The combat is terrible though. Pulling off a flying kick to buy you enough time to make the jump to the next roof is satisfying, and being able to take a gun and then realize it's worthless and just slows you down is a beautiful thing. But any time you've got more than one enemy in front of you, it breaks down. It feels like they tried to hedge their bets and it backfired by compromising their vision. Penny Arcade's Tycho - or Jerry - or whatever said that by including the heavy combat sections DICE "did violence to their creation," and I'm inclined to agree.
I found the difficult platforming blissful. Had it been easier, I doubt I would have felt the sense of accomplishment I experienced.
I agree the gun combat was out of place. I'd rather have only seen melee style combat where the real purpose of the opponents was to position them and then use them as spring boards to access even higher ledges or cross wider gaps.
Other than matching some of the insane time trials I've completed the game to my sanctification and look forward to a sequel.
While the path through its rooftops are almost as linear as Persia's consistently funnelish pathways ...
Actually, one of the most interesting things about Mirror's Edge for me was how its levels offered a lot more options for sprinting and clambering that were immediately apparent. At a macro level, you still have to get from point A to B, but the ways that can be executed are surprisingly diverse.
This wasn't something I noticed until playing the time trials. But in doing so, I discovered areas that previously seemed to only have a single viable path actually had numerous shorter and faster routes.
It's actually pretty commendable DICE was able to create maps for time trials that are so rich. Time trial modes usually only offer one way to improve- strive for more flawless execution. Mirror's Edge (and similarly, Burnout: Paradise) provide an environment that consistently rewards seeking the superior path. It's just a shame that only really comes out in the time trial modes, instead of in the story mode as well.
Re gun combat, I liked the idea of avoiding gunplay thematically, so I choose not to use guns entirely to go for the Test of Faith achievement. It ramped up the difficulty of a few combat engagements here and there, but not so much to be overly frustrating, especially compared to the frustration I was already feeling as a result of the level design.
As I mentioned in my own review, I really really wanted to love Mirror's Edge. While I did play to completion, my ultimate reaction was disappointment, and I felt a bit let down by what could've been a hell of a title. The food analogy is a good one; let's hope they get the ingredients right next time around.
@brian: I've heard from reliable quarters that the downloadable levels were great but they're too rich for my blood.
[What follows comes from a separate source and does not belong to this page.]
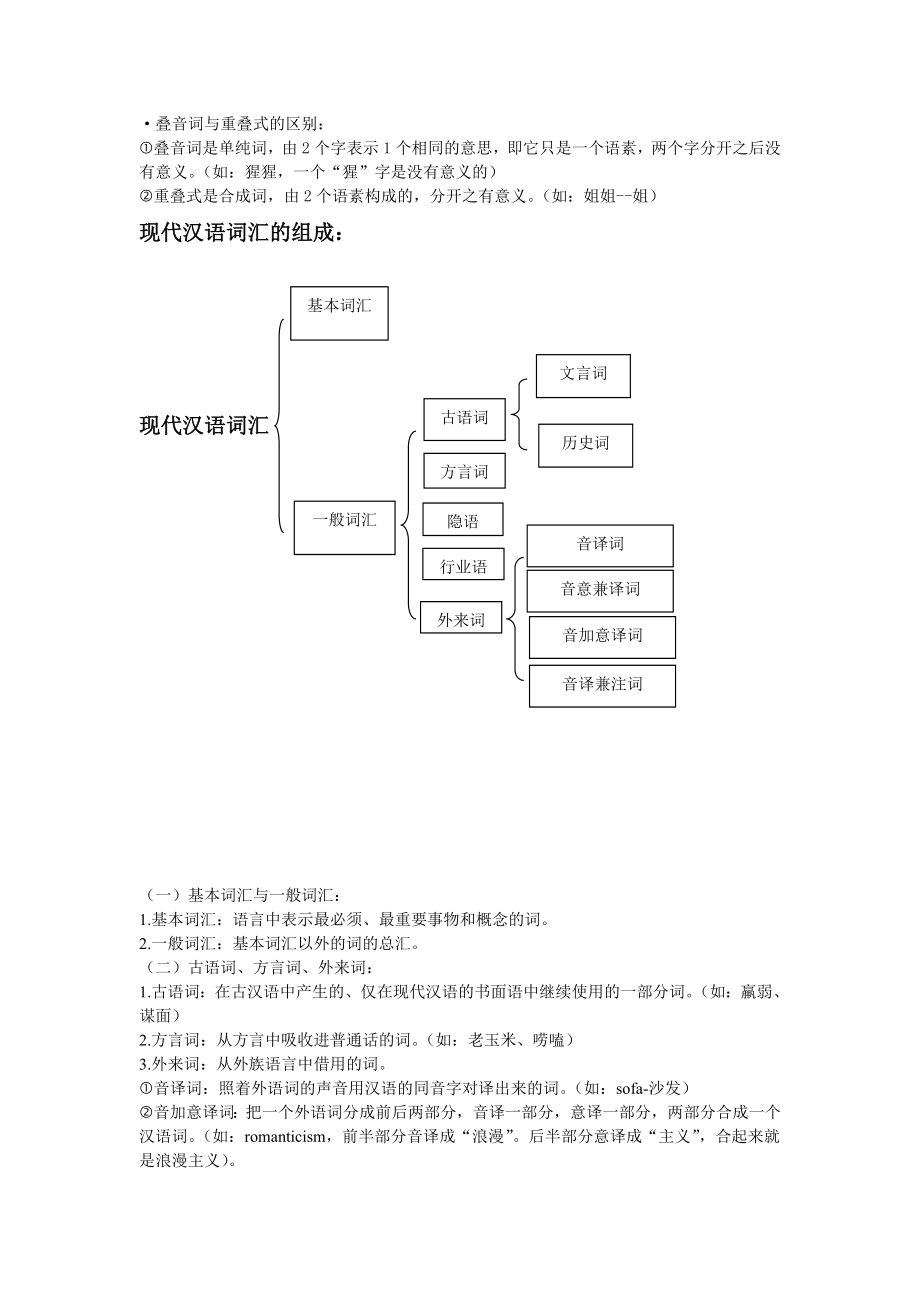 词类必背知识点.doc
I think that @nelsormensch's comments are very salient on this point; given that the non-running portions of the game are so bad, it works best as a first-person racing game than a first-person anti-fascist adventure. In the context of a time trial the trial-and-error elements of the gameplay are much less grating.
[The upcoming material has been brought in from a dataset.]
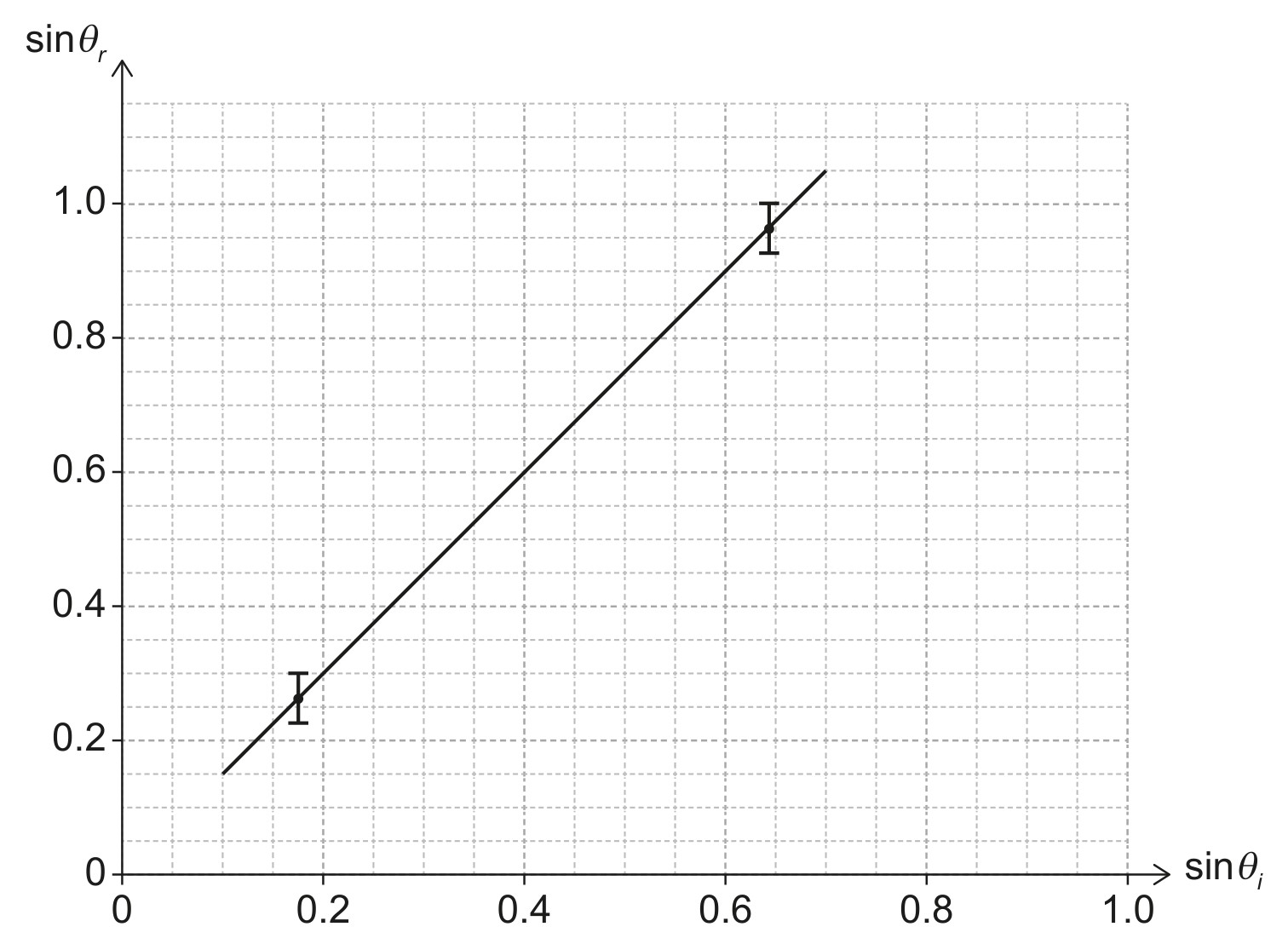 Figure for Question 1 — IB Physics SL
@sottai: I played on 360, but you may be right that the precision afforded by the mouse controls clears up the problems I mention in the article.
@tom: this is a good point: when you run into that runner's course in the security building, this is a great opportunity for environmental storytelling in a game that sorely needed environmental personality. And it's squandered.
@julian: I agree with you that the satisfaction of making difficult jumps in Mirror's edge was more pleasurable than, say, the overly liberal platforming tolerances in Prince of Persia. However, I felt the stringency of the platforming (not to mention, of course, the combat!!) worked against the game's biggest pleasures, because it made it difficult if not impossible to quickly navigate new spaces as you came into an area-- it broke up the flow of the experience.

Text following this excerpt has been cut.